Harnessing the immune system to eliminate tumor cells has led to remarkable responses in several advanced cancer types. T cells are the key immune cell type which are engineered in the lab to seek out and destroy tumor cells, however in many cases tumor cells adapt to evade T cell killing, leading to disease relapses. Advances in cell engineering now permit T cells to be made in the lab from specialized stem cells. This technology promises to provide more cancer patients access to T cell therapies, but also presents the opportunity to make T cells more effective in prevent tumor escape. The goal of this research project is to study the ways in which tumor cells evade killing by lab-grown T cells, and how engineering specific molecules on lab-grown T cells may enable us to turn on tumor killing mechanisms to prevent tumor cell escape. Our overall goal is to further the development of this new kind of T cell therapy to be more effective across a wider range of cancer patients.

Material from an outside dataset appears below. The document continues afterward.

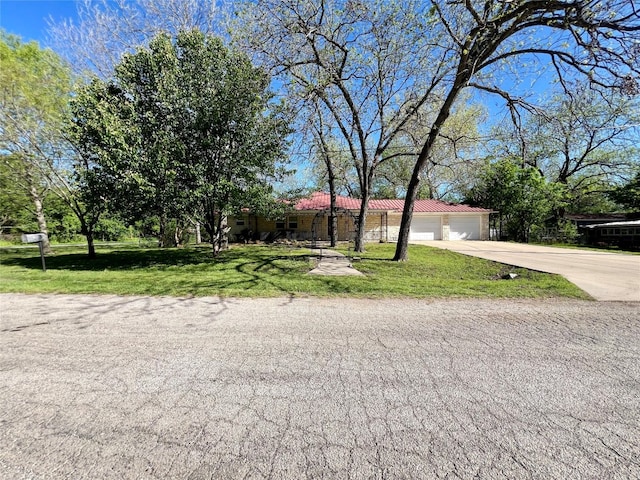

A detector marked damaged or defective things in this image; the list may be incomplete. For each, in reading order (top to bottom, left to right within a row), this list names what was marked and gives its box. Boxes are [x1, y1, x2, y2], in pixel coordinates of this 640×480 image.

cracked pavement [0, 294, 636, 478]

Funded by the Constellation Gold Network Distributors in honor of the Dick Vitale Pediatric Cancer Research Fund
Brain cancers have recently surpassed blood cancers as the most common cause of cancer-related death in children. The big question we ask here is how we can make cancers easy to destroy from the inside by the body’s own soldiers. Modern cancer-treating drugs utilize the body’s defense mechanism to destroy tumors and have shown promising results against several cancers. However, most of these drugs have been developed against adult tumors and do not always behave similarly against childhood cancers. Furthermore, a lack of suitable targets that can differentiate childhood brain cancers from normal cells prevents the safe treatment of childhood cancers. This is more so due to our lack of understanding by which cancer cells hide from the body’s soldiers, especially in brain cancer. While significant progress has been made in the care of children with medulloblastoma, some of those patients still suffer a lot. The cells create a signal on their surface which identifies healthy cells from diseased cells. It tells a particular type of cell called macrophages not to eat these cells. Macro meaning big and phages meaning eater mean Big Eater. The body uses some proteins to protect cells that should remain and help dispose of diseased cells. Cancers use this to create a force field to protect themselves. In this grant we will test how to reduce this force field on the surface so we can use the bodies soldiers to eat up the tumor.